Things have been on the quiet side here at Seattle Astronomy of late, at least in part due to the fact that our extraordinary run of lovely weather has meant spending a good bit of time at the telescope looking at stuff rather than just sitting at the computer writing about it. I’m lucky that my cats like to wake me up at around 4:30 a.m., when Jupiter is high in the sky and Venus is a shining beacon in the east!
In addition, I’ve missed a few space and astronomy events lately. I was all set to go see a talk about black holes last Thursday when my sweetie lured me out to a winemaker dinner at a favorite local restaurant, Phoenecia, which turned out to be fantastic, and I didn’t regret passing up the chance to hear Caleb Scharf at Town Hall Seattle.
There are some nice astronomy events on the calendar for this weekend, and while there actually are a few clouds in the weekend forecast at the moment, the weather looks pretty favorable for stargazing.

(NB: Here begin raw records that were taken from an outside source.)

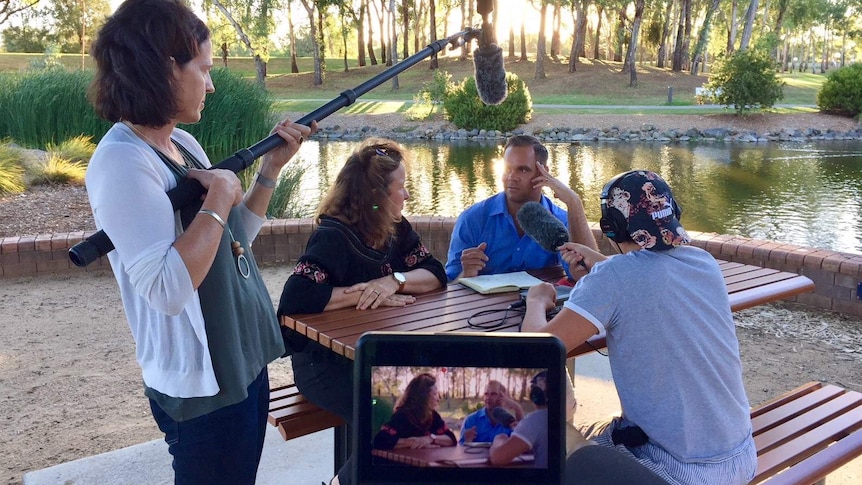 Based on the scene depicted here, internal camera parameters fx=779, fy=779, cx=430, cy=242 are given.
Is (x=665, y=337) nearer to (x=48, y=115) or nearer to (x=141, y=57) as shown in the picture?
(x=141, y=57)

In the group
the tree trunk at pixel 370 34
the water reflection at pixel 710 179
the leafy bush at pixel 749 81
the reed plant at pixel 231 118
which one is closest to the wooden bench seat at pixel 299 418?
the water reflection at pixel 710 179

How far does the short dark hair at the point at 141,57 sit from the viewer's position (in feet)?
5.98

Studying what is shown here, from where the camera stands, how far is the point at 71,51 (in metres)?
60.6

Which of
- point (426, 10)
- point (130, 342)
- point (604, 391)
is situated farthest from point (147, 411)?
point (426, 10)

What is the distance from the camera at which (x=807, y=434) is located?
2.93 m

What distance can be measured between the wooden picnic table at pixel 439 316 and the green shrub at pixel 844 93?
78.9 feet

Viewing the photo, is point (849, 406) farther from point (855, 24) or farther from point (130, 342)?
point (855, 24)

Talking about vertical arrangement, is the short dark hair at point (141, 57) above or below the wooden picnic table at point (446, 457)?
above

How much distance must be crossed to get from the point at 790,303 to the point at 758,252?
18.0 inches

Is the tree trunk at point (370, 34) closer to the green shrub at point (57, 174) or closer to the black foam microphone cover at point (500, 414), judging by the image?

Autumn officially arrives at 7:49 a.m. on Saturday; as you may have noticed its getting pretty dark by 8 p.m. these days. Solar system ambassador Alice Enevoldsen, proprietor of Alice’s Astro Info, will hold her traditional Equinox Sunset watch to view the first sunset of fall, at 6:45 p.m. Sept. 22 at Solstice Park in West Seattle. The charts list sunset at 7:09 that evening, but West Seattle sometimes marches to a different drummer, and sunset seems typically a bit earlier at that spot. Full scoop at Alice’s Astro Info.
Saturday also is the day for the Seattle Astronomical Society‘s monthly free public star parties. These are held at two locations: Green Lake, and Paramount Park in Shoreline. They’ll be around setting up by 7 p.m. or so. Details on the SAS website.
If you go, make sure you get a look at the Moon. Saturday is International Observe the Moon Night. The Paramount Park star party is the only formally registered event for IOMN in Washington.
On Sunday, Sept. 23 the Museum of Flight in Seattle will have something of an extravaganza of space, as a dozen astronauts, cosmonauts, and mission controllers participate in a couple of panel discussions about space missions. The first, at 11 a.m., will be about the Apollo Moon missions and the Skylab program. The second, at 1 p.m., will focus on the Apollo-Soyuz test project and international space program. A book signing follows at 2 p.m. See the full lineup at the MOF website.
The Seattle Astronomy Calendar tracks space and astronomy events happening around the area.